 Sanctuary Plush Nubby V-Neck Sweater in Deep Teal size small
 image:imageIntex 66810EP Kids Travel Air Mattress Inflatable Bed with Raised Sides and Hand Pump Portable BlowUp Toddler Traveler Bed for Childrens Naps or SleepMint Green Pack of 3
● ● ● ● ●
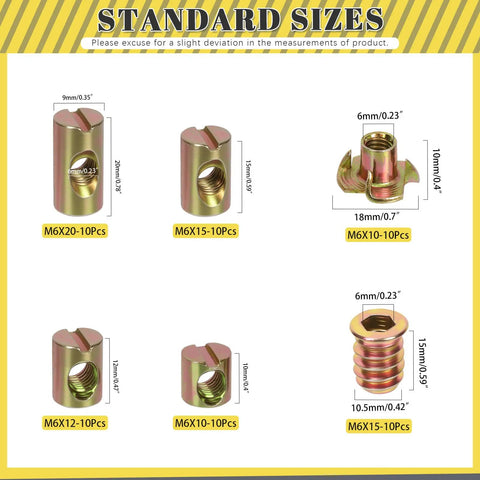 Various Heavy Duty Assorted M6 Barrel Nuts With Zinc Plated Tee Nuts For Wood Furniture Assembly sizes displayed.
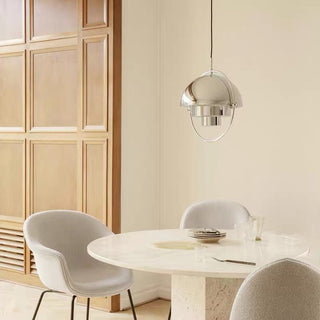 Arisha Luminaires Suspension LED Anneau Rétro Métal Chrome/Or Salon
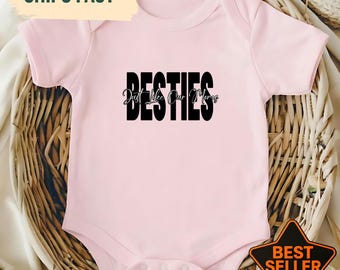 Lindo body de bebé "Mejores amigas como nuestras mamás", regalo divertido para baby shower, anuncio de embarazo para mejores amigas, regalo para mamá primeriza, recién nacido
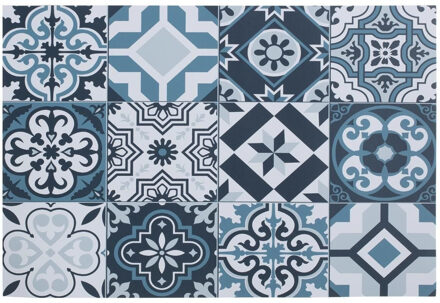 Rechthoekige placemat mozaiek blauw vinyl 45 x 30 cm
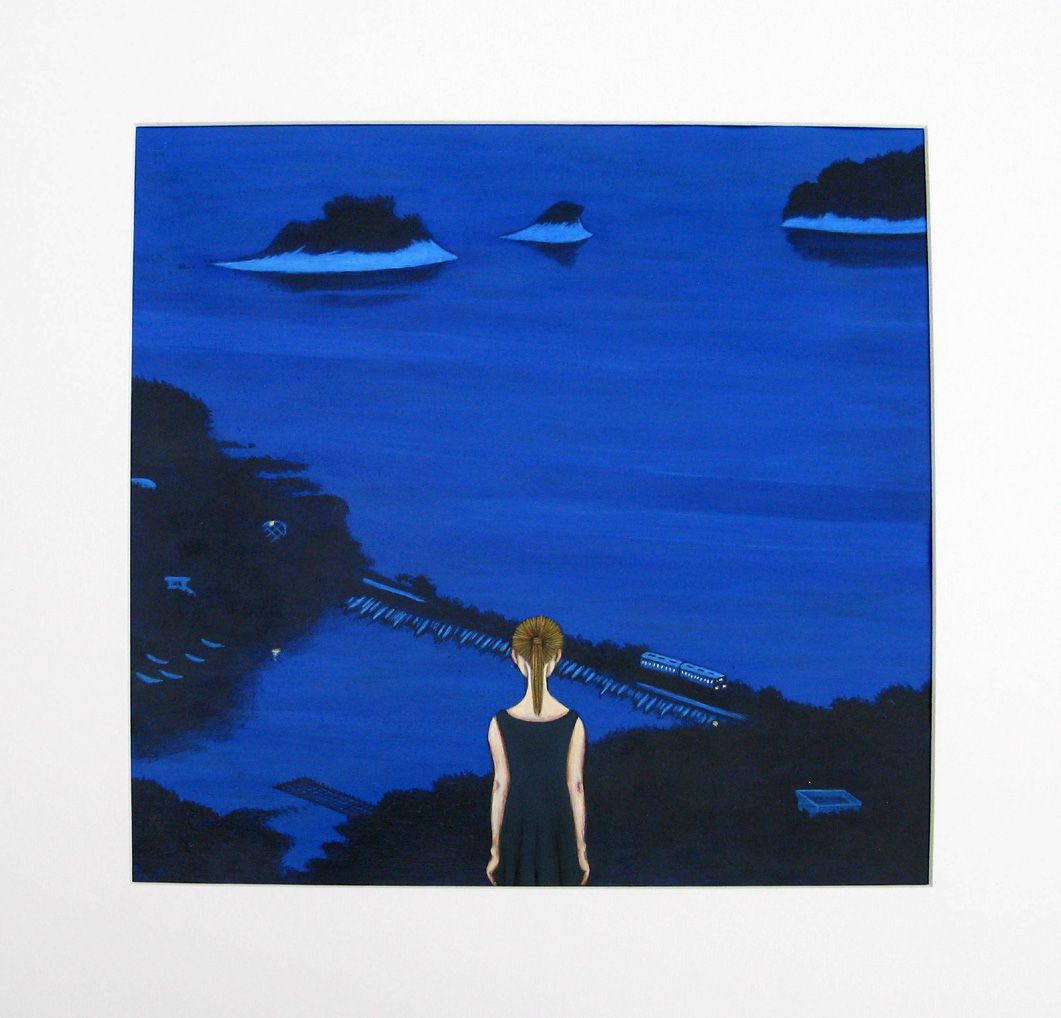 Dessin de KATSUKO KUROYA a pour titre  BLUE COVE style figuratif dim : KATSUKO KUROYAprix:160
● ● ● ● ●
• **The problem**:
Retype only the lines above between the line with "Sanctuary Plush Nubby" and the line with "image:imageIntex 66810EP Kids", counting those two lines as well, and keep every character as it is.

• **Task answer**:
 Sanctuary Plush Nubby V-Neck Sweater in Deep Teal size small
 image:imageIntex 66810EP Kids Travel Air Mattress Inflatable Bed with Raised Sides and Hand Pump Portable BlowUp Toddler Traveler Bed for Childrens Naps or SleepMint Green Pack of 3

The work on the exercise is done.